I’ll leave it at that, with the assumption that I shouldn’t bore you with additional details on what the algorithm was designed to do. Let’s move now to the confusion.
Where’s the confusion?
Until Penguin 4.0 rolled out on September 23, 2016, there really wasn’t a lot of confusion around the algorithm. The entire SEO community — and even many outside it — knew that the Penguin update demoted sites with bad links, and it wasn’t until it was next updated that an affected site could expect some semblance of recovery.
The path was clear: a site would get hit with a penalty, the website owner would send out requests to have offending links removed, those that couldn’t be removed would be added to a disavow list and submitted, and then one would simply wait.
However, things got more complicated with this most recent update — not because the algorithm itself got any more difficult to understand, but rather because the folks at Google did.
In essence, there were only a couple of major changes with this update:
- Penguin now runs in real time. Webmasters impacted by Penguin will no longer have to wait for the next update to see the results of their improvement efforts — now, changes will be evident much more quickly, generally not long after a page is recrawled and reindexed.
- Penguin 4.0 is “more granular,” meaning that it can now impact individual pages or sections of a site in addition to entire domains; previously, it would act as a site-wide penalty, impacting rankings for an entire site.
It would seem that there isn’t a lot of room for confusion here on first glance.
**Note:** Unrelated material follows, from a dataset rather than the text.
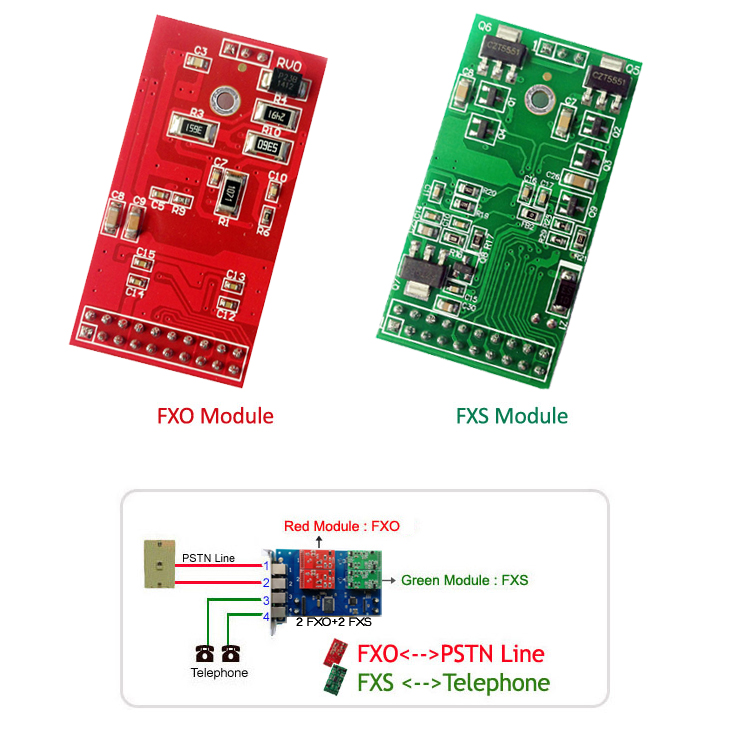 asterisk telephony board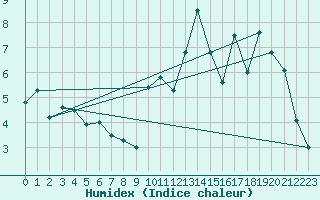 Courbe de l'humidex pour Lanvoc (29)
However, when the folks at Google started adding details and giving advice, that ended up causing a bit of confusion. So let’s look at those to get a better understanding of what we’re expected to do.
Rumor had it, based on statements by Google’s Gary Illyes, that a disavow file is no longer necessary to deal with Penguin-related ranking issues.
This is due to a change in how Penguin 4.0 deals with bad links: they now devalue the links themselves rather than demoting the site they’re linking to.
Now, that seems pretty clear. If you read Illyes’ statements in the article linked above, there are a few takeaways:
- Spam is devalued, rather than sites being demoted.
- There’s less need to use a disavow file for Penguin-related ranking penalties.
- Using the disavow file for Penguin-related issues can help Google help you, but it is more specifically useful for sites under manual review.
Here’s the problem, though — just a day earlier, the following tweets had been exchanged:
So now we have a “yes, you should use it for Penguin” and a “no, you don’t need it for Penguin.” But wait, it gets more fun. On October 4, 2016, Google Webmaster Trends Analyst John Mueller stated the following in an Office Hours Hangout:
[I]f these are problematic links that are affected [by Penguin], and you use a disavow file, then that’s a good way for us to pick that up and recognize, “Okay, this link is something you don’t want to have associated with this site.” So when we recrawl that page that is linking to you, we can drop that link from our link graph.
With regards to devaluing these low quality links instead of punishing you, in general we try to figure out what kind of spammy tactics are happening here and we say, “Well, we’ll just try to ignore this part with regards to your website.”
So… clear as mud?
The disavow takeaway
The takeaway here is that the more things change, the more they stay the same. There is no change. If you’ve used unethical link-building strategies in the past and are considering submitting a disavow file — good, you should do that. If you haven’t used such strategies, then you shouldn’t need to; if Google finds bad links to your site, they’ll simply devalue them.
Of course, it was once also claimed that negative SEO doesn’t work, meaning a disavow wasn’t necessary for bad links you didn’t build. This was obviously not the case, and negative SEO did work (and may well still), so you should be continuing to monitor your links for bad ones and adding them to your disavow file periodically. After all, if bad links couldn’t negatively impact your site, there would be no need for a disavow at all.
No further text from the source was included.